David Duchovny as Hank Moody, recently engaged novelist
Venice Beach, Spring 2008
Episode: “The Raw and the Cooked” (Episode 2.04)
Air Date: October 19, 2008
Director: David Von Ancken
Costume Designer: Peggy A. Schnitzer
This Sunday is Mother’s Day, Hallmark’s kind way of reminding everyone that your mothers deserve the $4.99 that goes along with sending a greeting card. You might spend hundreds of dollars on a gift, but if you didn’t spring for that card, you may as well have never been born.
In part due to the feminine focus of the day and partly due to the springtime setting, bright colors like pink and purple are often associated with the “holiday”. If Mother’s Day is a dressy occasion for your family, check out the masculine ways that Steve McQueen (as Thomas Crown) and Boardwalk Empire‘s “Nucky” Thompson incorporated pink and purple into their three-piece suits. If your Mother’s Day celebration is a more casual affair, you can turn your attention to Mr. Casual himself, Hank Moody.
In “The Raw and the Cooked”, the fourth episode of Californication‘s second season, Hank has just been informed by his recently re-engaged fiancée Karen that they are hosting a dinner party, clearly Karen’s way of incorporating new groups of friends (i.e. the season’s guest stars) into their combined social life.

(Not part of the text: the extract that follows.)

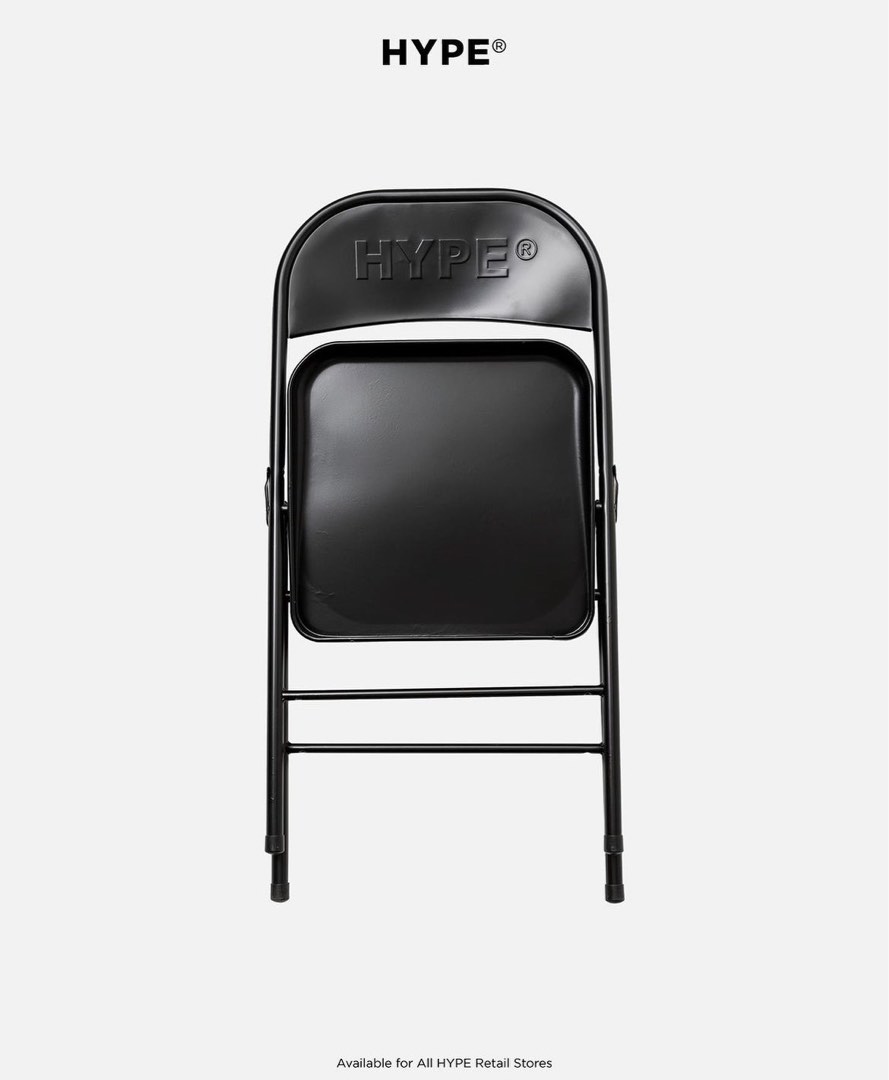 HYPE Sierra Foldable Chair, Furniture & Home Living, Furniture, Chairs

Karen: We’re having a dinner party…
Hank: God, when you say it out loud like that, it sounds awful. Is it too late to call it off?

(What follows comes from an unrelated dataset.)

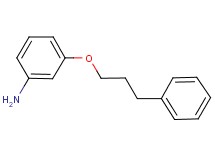 3-(3-phenylpropoxy)aniline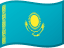 Kazakhstan flag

Karen: Stop it. It’s gonna be fun, right?
Hank: Really? ‘Cause I think it’s gonna be like having a q-tip jammed up my urethra. For three hours. Without lube.
Many people approach dinner parties with the same lack of enthusiasm that Hank clearly displays, especially when hosting. Hank provides a fine blueprint for spending the majority of the party drinking, eating, playing games, and still managing to be the center of attention, all while sporting a very masculine shade of purple.
What’d He Wear?
Having evidently retired his traditional black or blue for the evening, Hank sports a soft eggplant purple button-down shirt. It has a spread collar, which he wears unbuttoned, and black buttons down a plain, placket-less front. The shirt appears to be either a soft cotton or possibly even a microfiber suede, although the latter seems too “dandified” for a guy like Moody.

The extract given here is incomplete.